Cambridge Rindge and Latin School is located at 459 Broadway Court. CRLS students were among a group of high schoolers who blocked Massachusetts Avenue in front of MIT as part of a pro-Palestine protest.
Cambridge Rindge and Latin School is located at 459 Broadway Court. CRLS students were among a group of high schoolers who blocked Massachusetts Avenue in front of MIT as part of a pro-Palestine protest. By Truong L. Nguyen
By Asher J. Montgomery, Crimson Staff Writer

Approximately 50 student Boston-area high school students blocked Massachusetts Avenue in front of MIT on Monday afternoon for at least four hours as part of a pro-Palestine protest.

The demonstration — which began as a school walkout — called on MIT to divest from Israel but condoned President Sally A. Kornbluth’s decision to threaten suspension against MIT students who have maintained an encampment on campus for just over two weeks. The Cambridge Police Department shut down a portion of Massachusetts Ave. for four hours due to the protest.

According to an Instagram post from Boston Party from Socialism and Liberation, students from Cambridge Rindge and Latin, Boston Latin Academy, and Boston Latin School organized the walkout to join the encampment at MIT, which protesters have dubbed “Scientists Against Genocide.”

The high school students began by chanting on the steps of the building that houses MIT’s admissions office and information center before moving down to occupy the street below. Protesters sat down and blocked the lanes as organizers spoke and passed out pizza.

“As long as universities willingly choose to ignore the students’ demands for divestment, we will always be advocating,” one high school student organizer said in a speech. “Divest, and until then we will not rest.”

One student, who identified herself as Palestinian, thanked university students who had set up encampments and staged protests.

“I never could have imagined that anything like this, first of all, would have to be necessary,” she said, adding that “second of all, that we would see so many students willing to put their academics on the line for a cause larger than themselves.”

After the road blockage dispersed, a couple of the high school students joined the MIT encampments, according to an MIT organizer.

As the road was blocked off, hundreds of pro-Palestine protesters and pro-Israel counter protesters also gathered a few feet away, outside of the gated MIT encampment. At around 6 p.m. on Monday, pro-Palestinian protesters knocked down part of the chain link fence surrounding the MIT encampment.

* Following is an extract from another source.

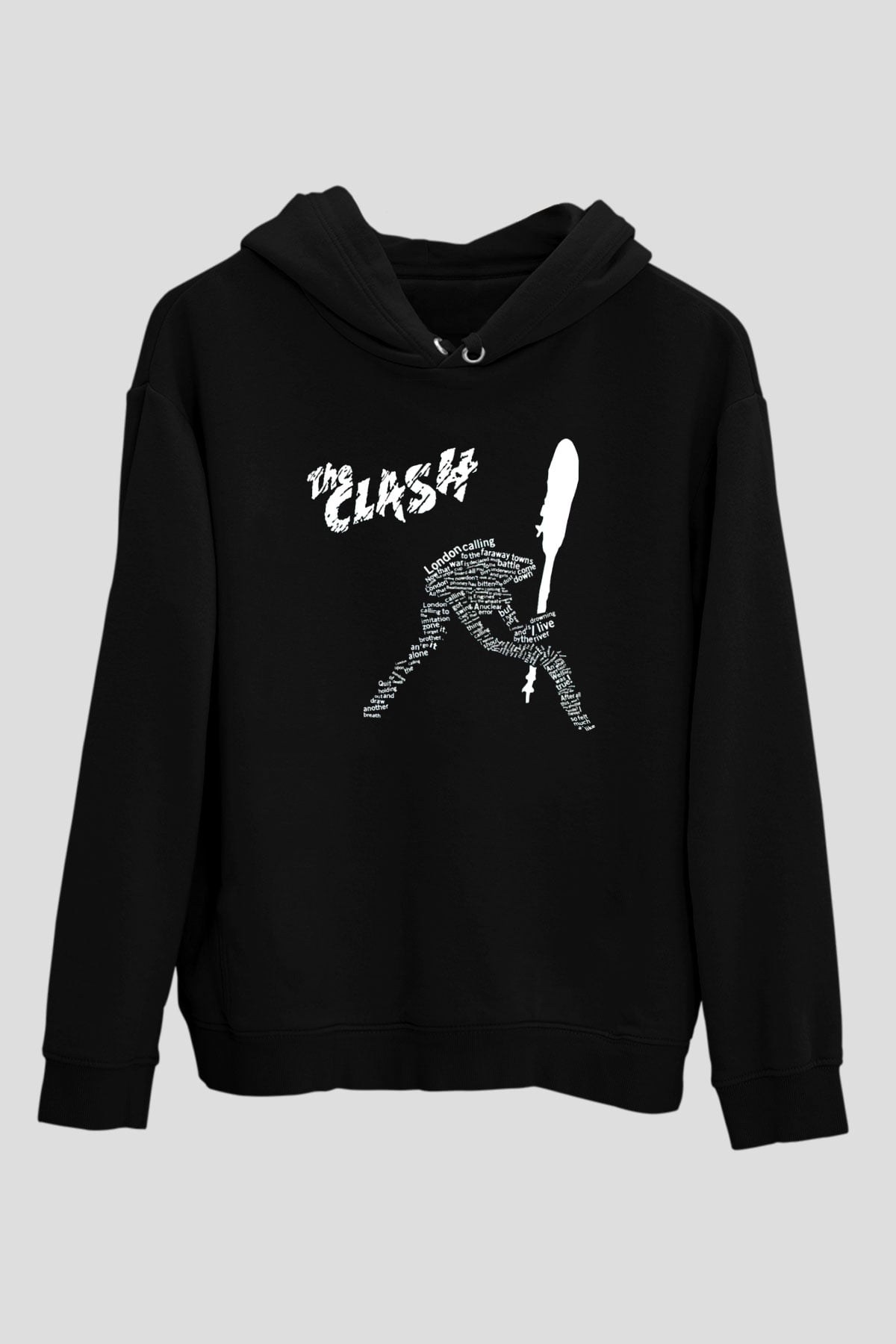 The Clash Siyah Unisex Kapüşonlu Sweatshirt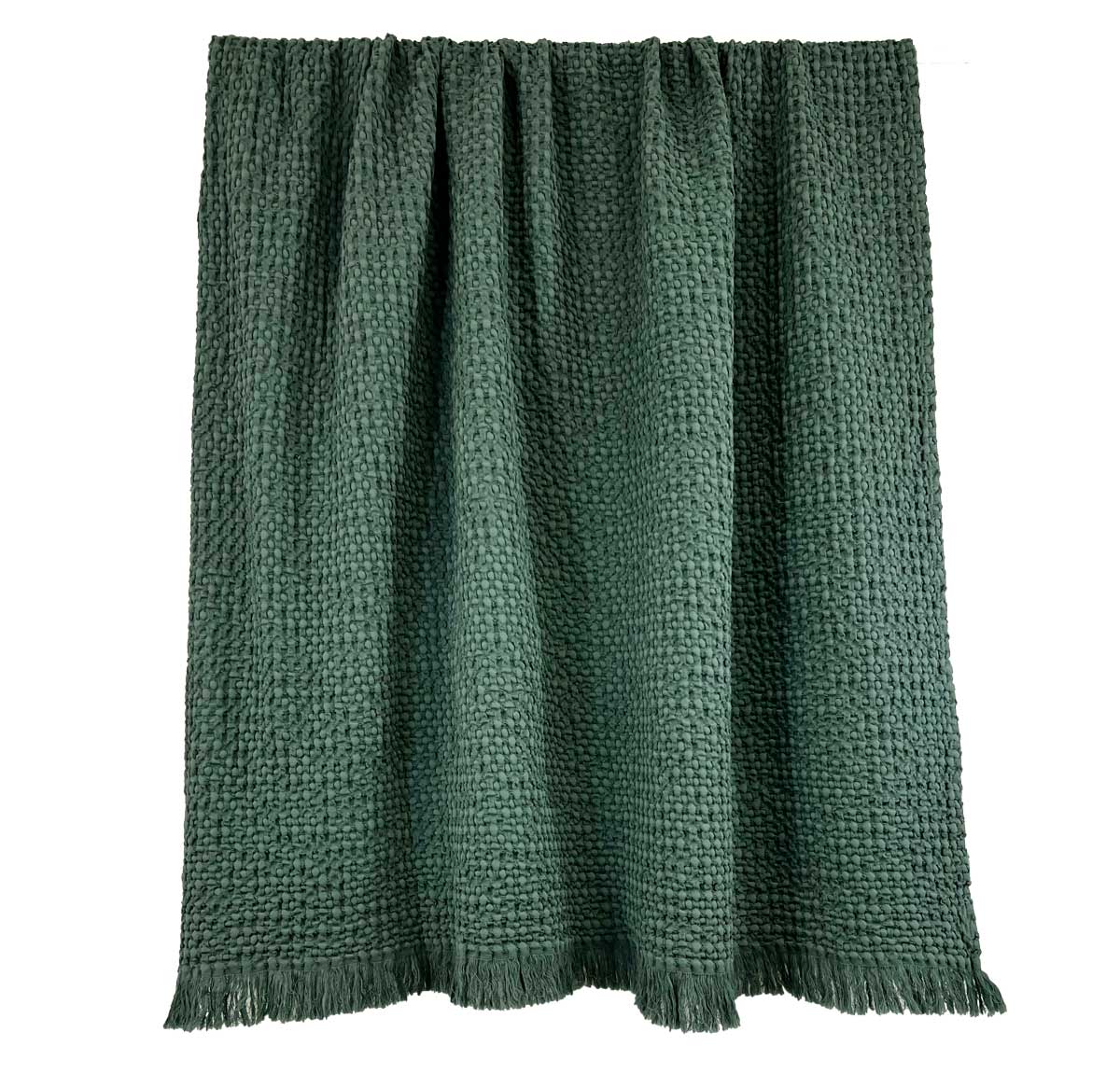 Couvre-lit Tempo nid d’abeille 100 % coton Harmony Haomy, 240×260 cm, texture gaufrée, coloris Pigeon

Cambridge police officers and Special Emergency Response State police officers joined MIT police officers in monitoring the confrontation and separating pro-Palestine protesters and counter protesters. No arrests were made.

The protest and counter protest came just hours after MIT chancellor Melissa Nobles sent an email to MIT affiliates telling student protesters to either peacefully leave the encampment by 2:30 p.m. on Monday or face “immediate interim academic suspension.”

In an update email sent to MIT affiliates seven hours later, Kornbluth wrote that by the Monday deadline, only five protestors remained inside of the encampment.

“Around that time, a large number of outside demonstrators arrived, in part because of a call on social media to students in the area to join our students, and in part because of a planned public protest,” she wrote.

Though CPD reopened Mass. Ave. at around 8 p.m., approximately 150 protesters still remained on MIT’s campus an hour later, according to Kornbluth’s Monday evening email.

According to Kornbluth’s email, state and CPD officers remained on scene overnight to “preserve public safety.”

“We have much work still to do to resolve this situation, and will continue to communicate as needed,” Kornbluth wrote.

On Tuesday morning, the fallen part of the chain link fence was removed by MIT for safety, according to a MIT police officer.

MIT encampment protesters subsequently set up shorter barricades around the encampment in anticipation of an overnight raid that did not occur, according to an organizer. Some MIT students remain in the encampment, though the specific number is unknown.